## Exercise aim
Return only the lines running from the top of the entries to the line with "В Киеве мотоциклист", inclusive, exactly as written.

Dataset records
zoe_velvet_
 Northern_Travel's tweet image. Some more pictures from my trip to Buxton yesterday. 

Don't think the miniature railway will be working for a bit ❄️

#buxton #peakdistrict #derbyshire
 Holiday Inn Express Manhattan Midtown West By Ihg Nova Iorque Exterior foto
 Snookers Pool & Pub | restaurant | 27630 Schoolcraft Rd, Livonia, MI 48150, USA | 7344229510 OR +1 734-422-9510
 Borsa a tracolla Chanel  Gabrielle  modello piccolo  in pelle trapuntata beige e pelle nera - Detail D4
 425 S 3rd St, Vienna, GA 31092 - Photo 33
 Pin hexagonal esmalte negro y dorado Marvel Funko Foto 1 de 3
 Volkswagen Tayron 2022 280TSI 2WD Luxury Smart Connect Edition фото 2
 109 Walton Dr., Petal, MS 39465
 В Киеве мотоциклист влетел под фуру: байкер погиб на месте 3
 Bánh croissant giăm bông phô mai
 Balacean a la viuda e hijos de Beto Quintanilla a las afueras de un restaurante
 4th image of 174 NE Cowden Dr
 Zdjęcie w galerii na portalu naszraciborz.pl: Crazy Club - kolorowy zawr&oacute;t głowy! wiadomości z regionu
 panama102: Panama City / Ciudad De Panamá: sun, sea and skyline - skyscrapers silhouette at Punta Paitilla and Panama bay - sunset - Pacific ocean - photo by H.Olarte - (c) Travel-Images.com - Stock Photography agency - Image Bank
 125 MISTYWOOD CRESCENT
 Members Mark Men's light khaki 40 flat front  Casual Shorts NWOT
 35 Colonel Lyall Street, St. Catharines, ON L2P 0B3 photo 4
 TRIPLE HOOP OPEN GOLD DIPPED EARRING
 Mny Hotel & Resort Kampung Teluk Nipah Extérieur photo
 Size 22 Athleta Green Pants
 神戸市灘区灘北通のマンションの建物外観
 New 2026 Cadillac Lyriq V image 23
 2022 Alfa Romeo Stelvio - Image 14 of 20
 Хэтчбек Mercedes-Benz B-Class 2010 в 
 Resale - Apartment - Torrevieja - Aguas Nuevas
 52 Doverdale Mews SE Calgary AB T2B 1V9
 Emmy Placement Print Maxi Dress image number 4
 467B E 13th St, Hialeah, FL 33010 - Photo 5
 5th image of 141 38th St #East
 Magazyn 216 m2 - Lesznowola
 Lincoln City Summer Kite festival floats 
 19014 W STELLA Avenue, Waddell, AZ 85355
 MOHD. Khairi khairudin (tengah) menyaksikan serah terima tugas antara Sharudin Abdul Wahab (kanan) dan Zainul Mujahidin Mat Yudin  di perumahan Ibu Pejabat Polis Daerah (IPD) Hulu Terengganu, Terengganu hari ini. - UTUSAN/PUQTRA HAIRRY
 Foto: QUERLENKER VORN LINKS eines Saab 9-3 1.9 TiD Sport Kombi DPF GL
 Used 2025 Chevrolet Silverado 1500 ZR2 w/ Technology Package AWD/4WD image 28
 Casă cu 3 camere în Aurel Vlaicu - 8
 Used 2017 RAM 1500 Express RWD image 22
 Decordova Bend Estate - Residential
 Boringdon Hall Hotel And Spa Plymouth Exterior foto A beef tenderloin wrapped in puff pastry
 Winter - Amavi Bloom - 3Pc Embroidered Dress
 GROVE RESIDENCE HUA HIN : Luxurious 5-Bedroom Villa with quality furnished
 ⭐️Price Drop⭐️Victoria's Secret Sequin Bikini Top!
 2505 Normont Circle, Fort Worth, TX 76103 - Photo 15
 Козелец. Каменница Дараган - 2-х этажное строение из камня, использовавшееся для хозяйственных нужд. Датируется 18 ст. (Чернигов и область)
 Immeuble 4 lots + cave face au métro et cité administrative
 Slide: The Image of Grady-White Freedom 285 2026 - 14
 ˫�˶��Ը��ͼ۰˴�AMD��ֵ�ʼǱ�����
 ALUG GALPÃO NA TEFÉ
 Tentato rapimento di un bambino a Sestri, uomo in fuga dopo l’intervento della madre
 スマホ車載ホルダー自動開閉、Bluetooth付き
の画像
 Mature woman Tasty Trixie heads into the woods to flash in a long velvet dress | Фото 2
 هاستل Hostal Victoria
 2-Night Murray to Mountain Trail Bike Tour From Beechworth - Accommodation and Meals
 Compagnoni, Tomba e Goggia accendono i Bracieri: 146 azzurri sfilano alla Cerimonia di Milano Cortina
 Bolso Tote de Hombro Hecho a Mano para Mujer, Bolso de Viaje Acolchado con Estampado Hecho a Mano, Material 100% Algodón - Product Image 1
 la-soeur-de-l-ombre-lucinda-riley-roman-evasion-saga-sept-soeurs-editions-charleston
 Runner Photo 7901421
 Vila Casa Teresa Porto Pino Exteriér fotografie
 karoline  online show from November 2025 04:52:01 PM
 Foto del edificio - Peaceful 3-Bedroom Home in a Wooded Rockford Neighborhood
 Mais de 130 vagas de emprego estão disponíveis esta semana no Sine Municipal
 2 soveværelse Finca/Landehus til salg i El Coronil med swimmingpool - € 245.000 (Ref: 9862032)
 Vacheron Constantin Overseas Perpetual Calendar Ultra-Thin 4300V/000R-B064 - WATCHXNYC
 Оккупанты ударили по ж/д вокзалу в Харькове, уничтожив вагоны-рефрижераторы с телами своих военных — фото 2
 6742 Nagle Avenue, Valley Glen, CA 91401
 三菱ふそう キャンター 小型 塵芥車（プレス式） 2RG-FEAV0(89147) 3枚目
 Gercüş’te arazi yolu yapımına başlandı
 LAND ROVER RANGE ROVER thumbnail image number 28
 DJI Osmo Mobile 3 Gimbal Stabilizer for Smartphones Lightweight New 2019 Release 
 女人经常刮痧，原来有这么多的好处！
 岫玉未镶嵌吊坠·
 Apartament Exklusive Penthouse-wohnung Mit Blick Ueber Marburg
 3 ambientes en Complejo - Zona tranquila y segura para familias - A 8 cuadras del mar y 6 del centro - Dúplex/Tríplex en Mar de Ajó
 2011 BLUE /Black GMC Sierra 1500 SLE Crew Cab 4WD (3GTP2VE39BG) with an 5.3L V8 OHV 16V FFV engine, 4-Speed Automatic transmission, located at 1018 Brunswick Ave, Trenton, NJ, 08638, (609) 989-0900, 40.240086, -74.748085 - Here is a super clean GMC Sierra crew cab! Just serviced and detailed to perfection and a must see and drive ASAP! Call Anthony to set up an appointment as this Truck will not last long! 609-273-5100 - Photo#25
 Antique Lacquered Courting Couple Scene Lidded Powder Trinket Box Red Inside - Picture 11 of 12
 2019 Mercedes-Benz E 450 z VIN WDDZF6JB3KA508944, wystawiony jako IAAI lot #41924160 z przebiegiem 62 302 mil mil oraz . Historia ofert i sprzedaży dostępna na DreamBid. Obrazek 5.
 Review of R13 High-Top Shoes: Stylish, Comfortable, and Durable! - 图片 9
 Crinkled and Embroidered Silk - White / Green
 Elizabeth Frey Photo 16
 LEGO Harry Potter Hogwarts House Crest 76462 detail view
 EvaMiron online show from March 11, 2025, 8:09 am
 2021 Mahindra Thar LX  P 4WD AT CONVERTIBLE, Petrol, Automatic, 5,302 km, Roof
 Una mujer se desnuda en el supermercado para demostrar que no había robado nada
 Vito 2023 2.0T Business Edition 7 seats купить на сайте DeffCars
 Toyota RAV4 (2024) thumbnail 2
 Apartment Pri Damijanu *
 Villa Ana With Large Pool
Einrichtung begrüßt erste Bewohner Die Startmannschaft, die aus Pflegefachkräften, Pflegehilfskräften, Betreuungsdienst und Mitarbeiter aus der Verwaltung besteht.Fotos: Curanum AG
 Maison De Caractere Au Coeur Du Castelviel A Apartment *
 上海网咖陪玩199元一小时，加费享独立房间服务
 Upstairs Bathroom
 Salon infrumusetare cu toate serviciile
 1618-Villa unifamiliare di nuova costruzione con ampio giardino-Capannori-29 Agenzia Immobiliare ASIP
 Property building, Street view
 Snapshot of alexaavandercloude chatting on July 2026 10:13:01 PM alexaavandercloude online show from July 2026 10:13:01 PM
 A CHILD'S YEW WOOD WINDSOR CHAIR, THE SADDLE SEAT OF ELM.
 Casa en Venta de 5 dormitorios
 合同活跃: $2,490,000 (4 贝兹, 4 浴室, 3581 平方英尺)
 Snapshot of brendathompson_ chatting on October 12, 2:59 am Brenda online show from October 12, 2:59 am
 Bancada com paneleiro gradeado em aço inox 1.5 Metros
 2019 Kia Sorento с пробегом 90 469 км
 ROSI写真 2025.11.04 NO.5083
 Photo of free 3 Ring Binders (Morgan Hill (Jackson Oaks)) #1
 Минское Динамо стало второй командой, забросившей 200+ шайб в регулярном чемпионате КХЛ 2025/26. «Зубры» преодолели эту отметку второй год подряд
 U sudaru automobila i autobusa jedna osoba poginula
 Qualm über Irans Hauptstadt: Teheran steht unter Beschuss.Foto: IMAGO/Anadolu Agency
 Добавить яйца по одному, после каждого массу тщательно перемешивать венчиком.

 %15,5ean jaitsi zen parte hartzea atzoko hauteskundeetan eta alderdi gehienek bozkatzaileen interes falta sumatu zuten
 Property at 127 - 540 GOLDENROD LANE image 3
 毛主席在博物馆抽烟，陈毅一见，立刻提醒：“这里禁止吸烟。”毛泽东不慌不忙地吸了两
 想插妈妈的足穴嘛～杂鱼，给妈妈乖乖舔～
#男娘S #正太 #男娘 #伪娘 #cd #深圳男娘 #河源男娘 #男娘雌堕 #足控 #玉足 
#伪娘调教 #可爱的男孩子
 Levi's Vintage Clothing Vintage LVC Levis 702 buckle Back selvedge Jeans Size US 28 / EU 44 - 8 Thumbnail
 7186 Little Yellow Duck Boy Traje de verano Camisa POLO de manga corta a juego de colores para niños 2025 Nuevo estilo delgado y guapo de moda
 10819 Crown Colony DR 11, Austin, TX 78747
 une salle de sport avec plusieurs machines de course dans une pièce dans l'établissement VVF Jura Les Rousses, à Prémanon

## Task result
zoe_velvet_
 Northern_Travel's tweet image. Some more pictures from my trip to Buxton yesterday. 

Don't think the miniature railway will be working for a bit ❄️

#buxton #peakdistrict #derbyshire
 Holiday Inn Express Manhattan Midtown West By Ihg Nova Iorque Exterior foto
 Snookers Pool & Pub | restaurant | 27630 Schoolcraft Rd, Livonia, MI 48150, USA | 7344229510 OR +1 734-422-9510
 Borsa a tracolla Chanel  Gabrielle  modello piccolo  in pelle trapuntata beige e pelle nera - Detail D4
 425 S 3rd St, Vienna, GA 31092 - Photo 33
 Pin hexagonal esmalte negro y dorado Marvel Funko Foto 1 de 3
 Volkswagen Tayron 2022 280TSI 2WD Luxury Smart Connect Edition фото 2
 109 Walton Dr., Petal, MS 39465
 В Киеве мотоциклист влетел под фуру: байкер погиб на месте 3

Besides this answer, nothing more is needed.